[Data entries]
===

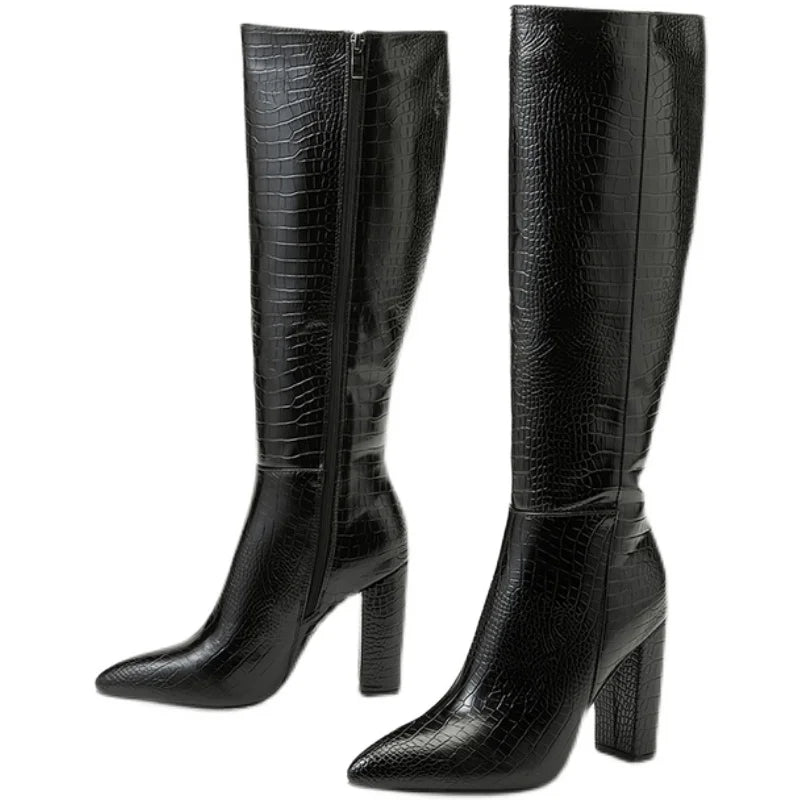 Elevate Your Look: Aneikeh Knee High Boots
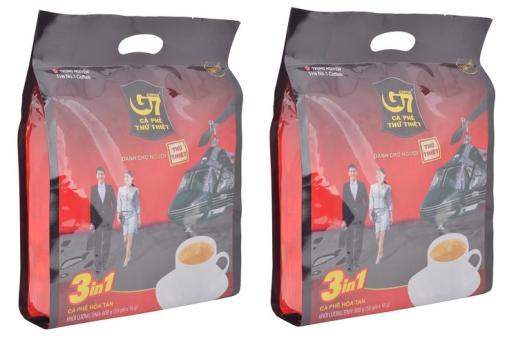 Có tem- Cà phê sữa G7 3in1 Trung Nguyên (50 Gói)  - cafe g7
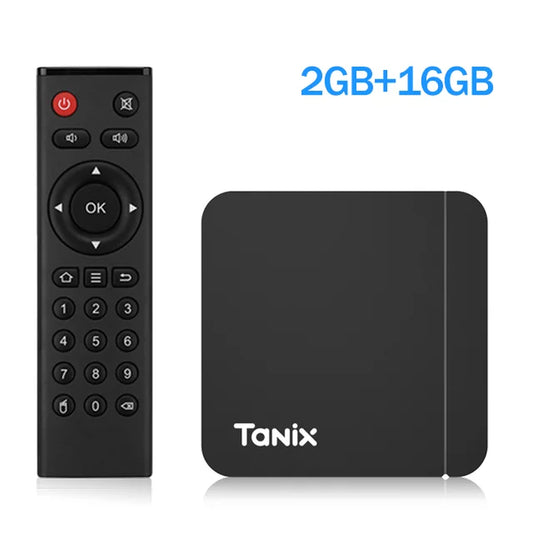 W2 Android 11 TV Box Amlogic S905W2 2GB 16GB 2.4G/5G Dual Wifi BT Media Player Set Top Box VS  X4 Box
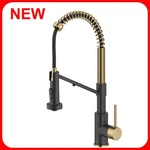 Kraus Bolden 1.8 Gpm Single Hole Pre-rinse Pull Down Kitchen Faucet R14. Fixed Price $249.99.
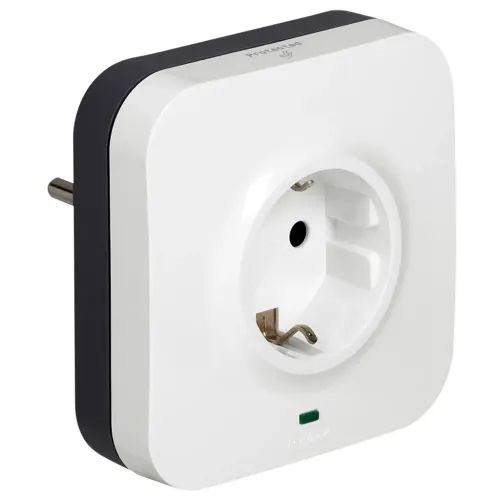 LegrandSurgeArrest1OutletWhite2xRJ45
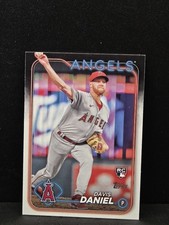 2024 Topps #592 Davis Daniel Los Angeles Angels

===

**Exercise**
Pictures aside, set down the lines from the one containing "Kraus Bolden 1.8" through the end of the records above, exactly and only those.

**Answer section**
 Kraus Bolden 1.8 Gpm Single Hole Pre-rinse Pull Down Kitchen Faucet R14. Fixed Price $249.99.
 LegrandSurgeArrest1OutletWhite2xRJ45
 2024 Topps #592 Davis Daniel Los Angeles Angels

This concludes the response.